As mãos do meu pai são as minhas
- Susan Duarte

- 14 de ago. de 2022
- 3 min de leitura
Domingo de Dia dos Pais no Brasil.
Filha única que sou, falarei do primeiro homem que eu amei, daquele que sonhou comigo muito antes de eu nascer.
Para admirar
As mãos de meu pai As tuas mãos têm grossas veias como cordas azuis sobre um fundo de manchas já da cor da terra — como são belas as tuas mãos pelo quanto lidaram, acariciaram ou fremiram da nobre cólera dos justos… Porque há nas tuas mãos, meu velho pai, essa beleza que se chama simplesmente vida. E, ao entardecer, quando elas repousam nos braços da tua cadeira predileta, uma luz parece vir de dentro delas… Virá dessa chama que pouco a pouco, longamente, vieste alimentando na terrível solidão do mundo, como quem junta uns gravetos e tenta acendê-los contra o vento? Ah, como os fizeste arder, fulgir, com o milagre das tuas mãos! E é, ainda, a vida que transfigura as tuas mãos nodosas… essa chama de vida — que transcende a própria vida… e que os Anjos, um dia, chamarão de alma.
Mário Quintana.
Para refletir
Hoje, no Brasil, celebra-se uma data alusiva ao Dia dos Pais. Dia de alegria para alguns, de conflitos para outros, de saudades para outrem. Independente do movimento, o pai é uma figura etérea em nossa vida. Sem ele, aliás, não se manifesta a própria vida.

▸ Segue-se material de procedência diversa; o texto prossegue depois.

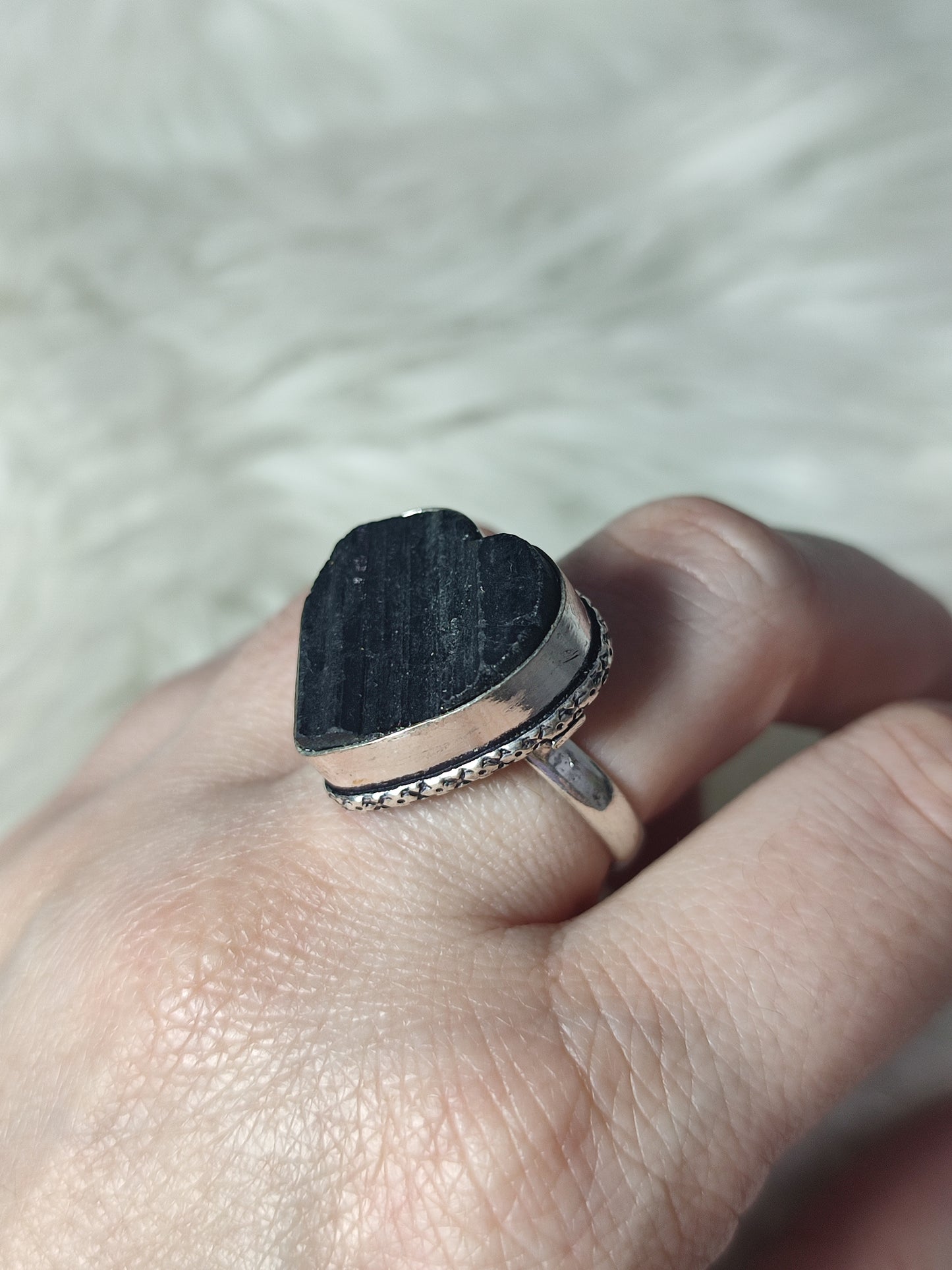 Anillo baño de plata con turmalina negra N°2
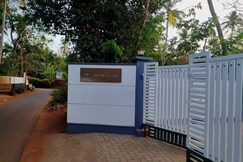 Cozy Studio Stay in Kannur   Free Breakfast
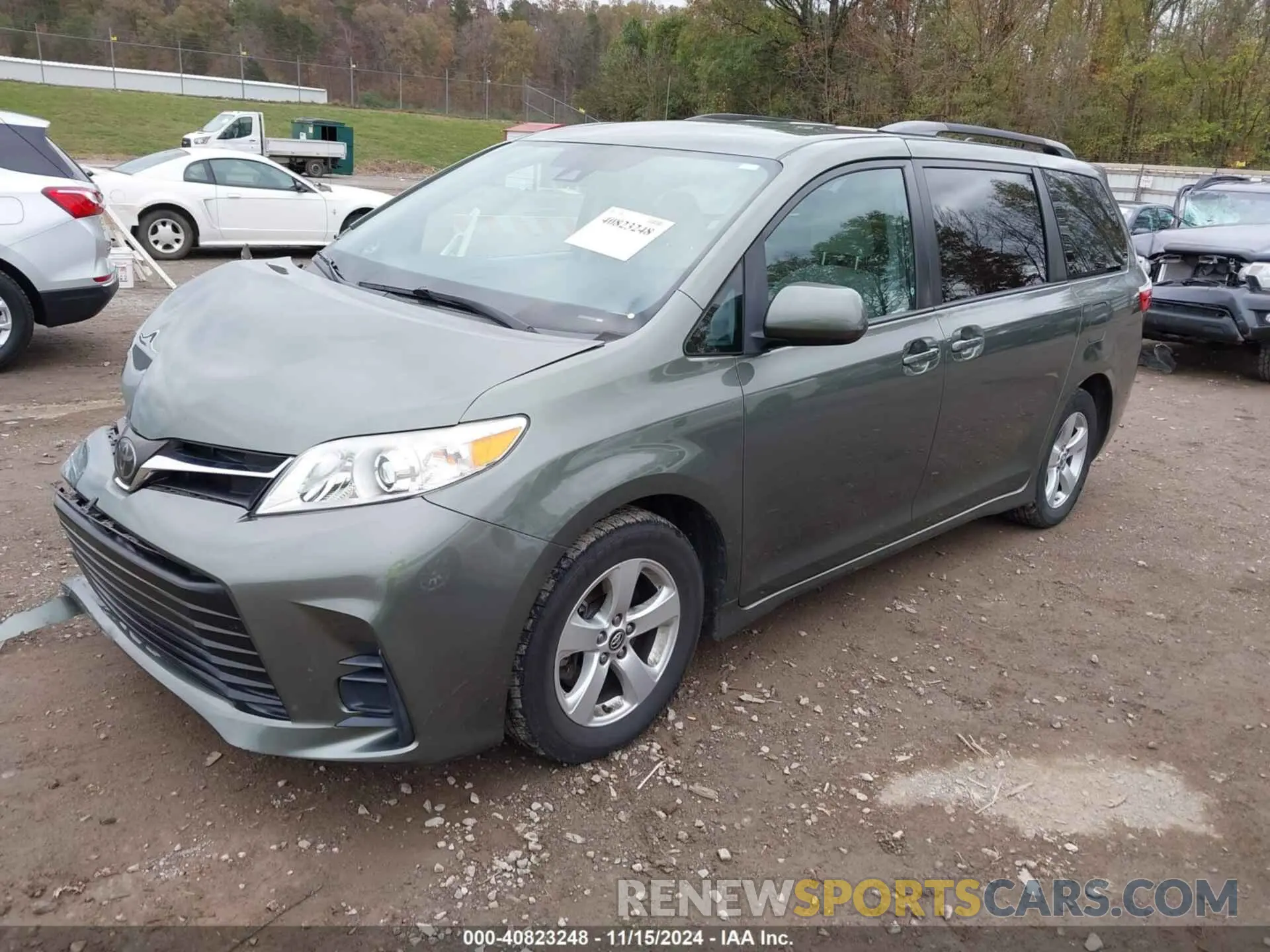 2 Photograph of a damaged car 5TDKZ3DC0KS014873 TOYOTA SIENNA 2019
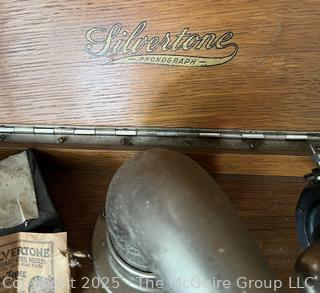 Silvertone Antique Victrola Phonograph Record Player plays 78 RPM Shellac Records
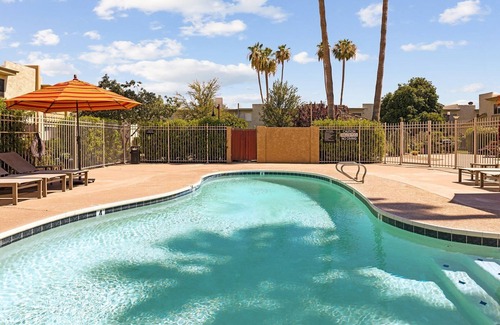 South Scottsdale Maison | Scott Place - Amazing location, heated pool, vibrant space awaits!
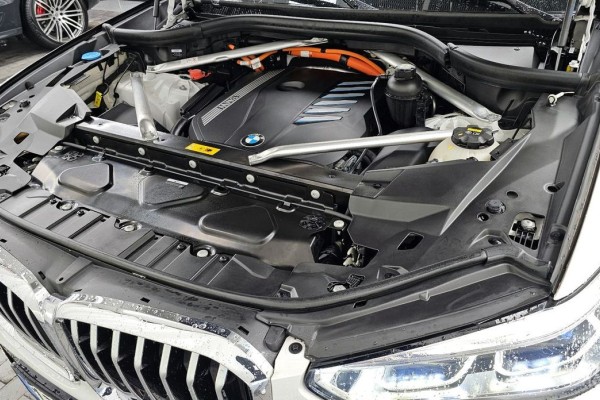 2021 BMW X5 с пробегом 73 211 км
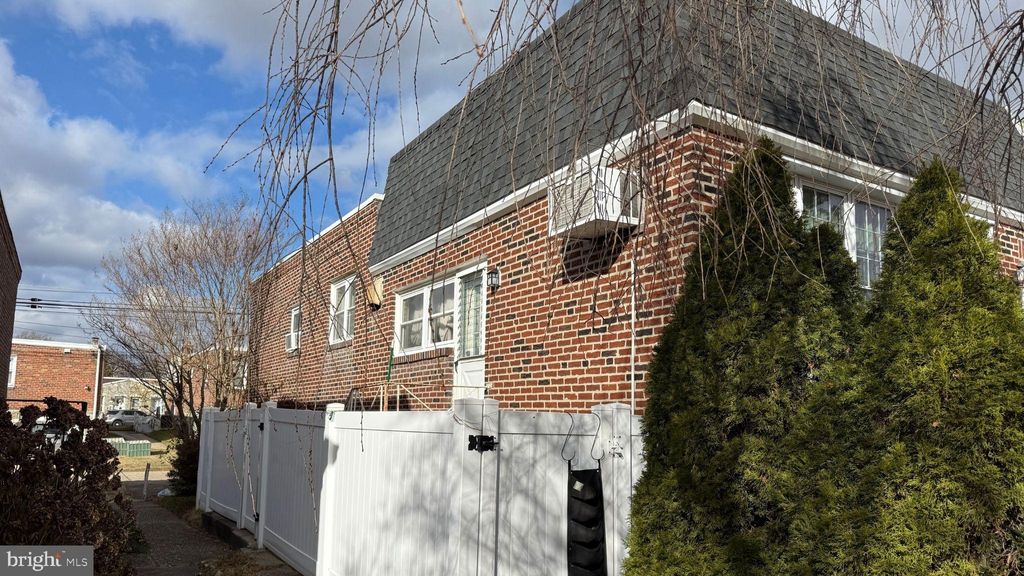 Photo of 8512 Frontenac Street, PHILADELPHIA, PA 19152 (MLS # PAPH2567216)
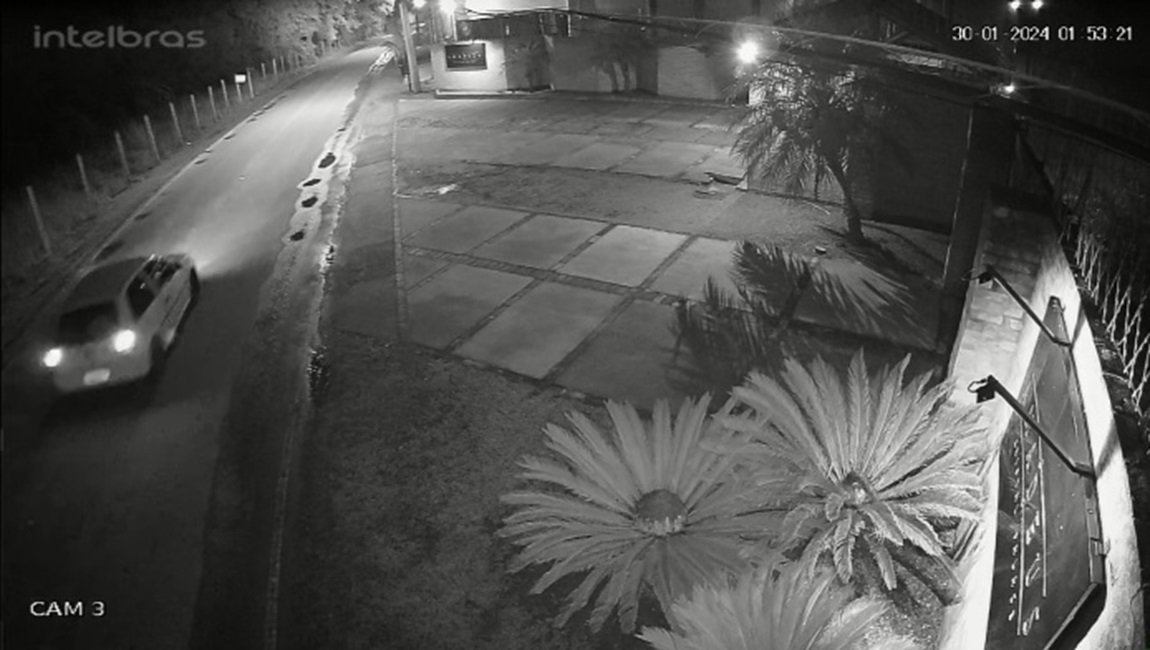 imagem de câmera de segurança grava veículo suspeito. "Confia no pai": Polícia prende suspeitos de roubo a condomínios no Vale; um está foragido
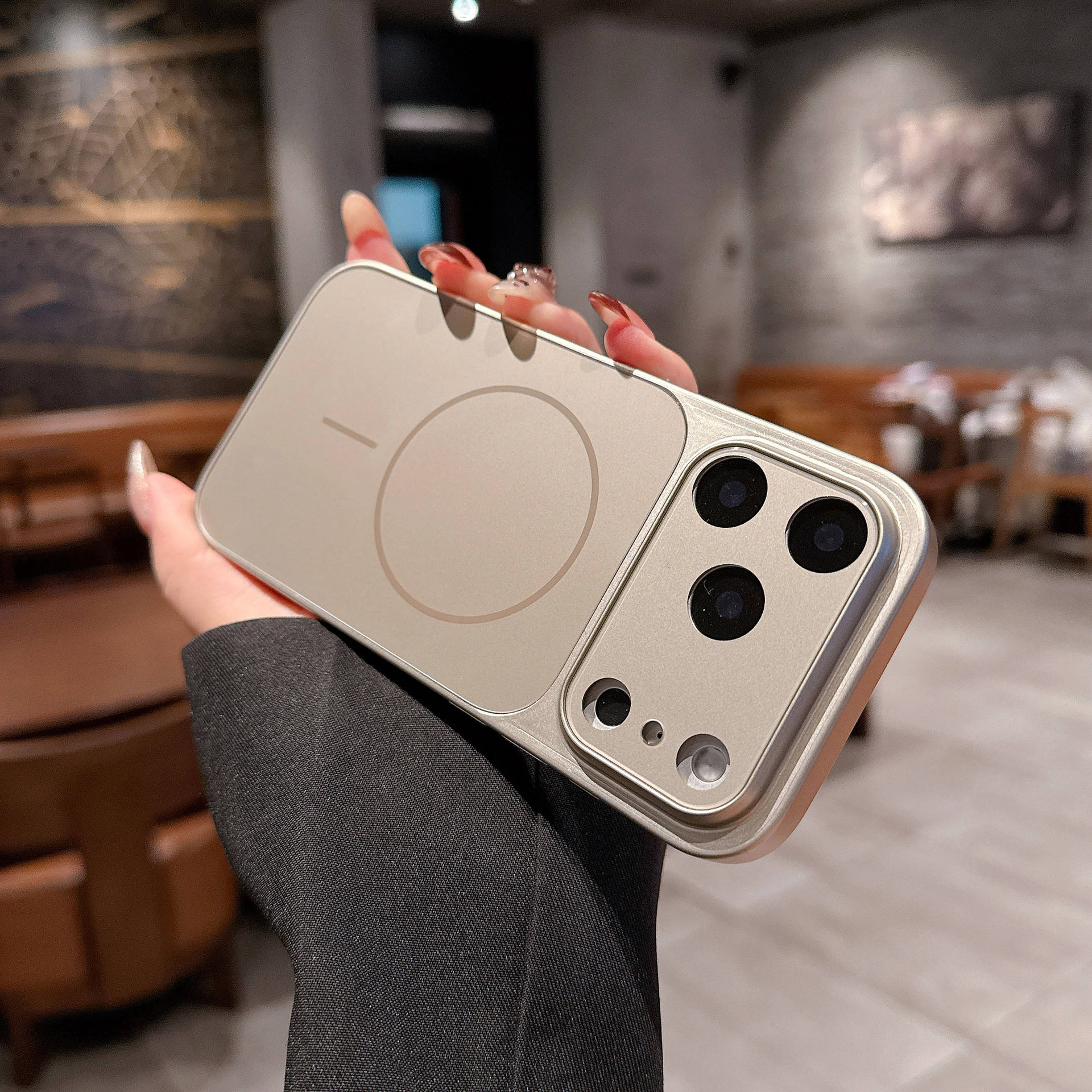 สีเทาไทเทเนียม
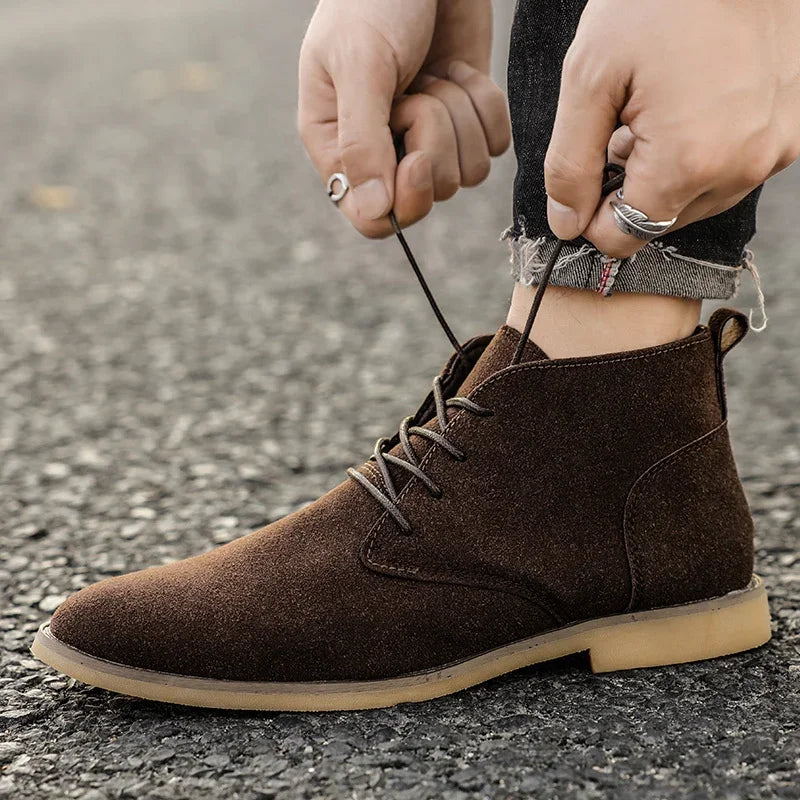 British Style Brown Men’s Suede Leather Boots Comfort Chelsea Boots Men Lace-Up Pointed Ankle Boots For Men botas para hombre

Até o momento, eu tive dois pais no mesmo homem. O pai da menina, o pai da mulher. Enquanto menina, amar o meu pai era amar um herói. Ele era o mais forte, o mais bonito, o mais correto, acima do bem e do mal, o meu princípio e o meu fim, o meu porto seguro. Nas mãos dele, nada neste mundo de Deus e dos homens poderia me atingir.
A vida é movimento. E tal movimento implica transformação. Para crescer, é preciso, antes, transformar-se. Crescer dói, ao passo que não fazê-lo dói mais. Então, a vida aconteceu, e eu cresci.
Aos poucos, a figura desonesta e idealizada da menina foi dando um espaço generoso ao conhecimento da mulher - aquela que descobriu um novo homem, ainda pai, mas agora, menos herói e mais humano. Foi doloroso desmantelar a velha ilusão que nutria dele. Contudo, foi bonito descobrir, de fato, quem ele realmente é.
Meu amor por ele mudou. Transformou-se. E nessa travessia, a menina despediu-se da armadura (inglória e ilusória) de herói e a mulher descobriu um homem real, a quem, finalmente, decidiu amá-lo pelo que é, como é, como conseguiu ser dentro de seus limites e possibilidades, e não mais revestida de sua fantasia outrora infantil, um dia, tão injustamente idealizada.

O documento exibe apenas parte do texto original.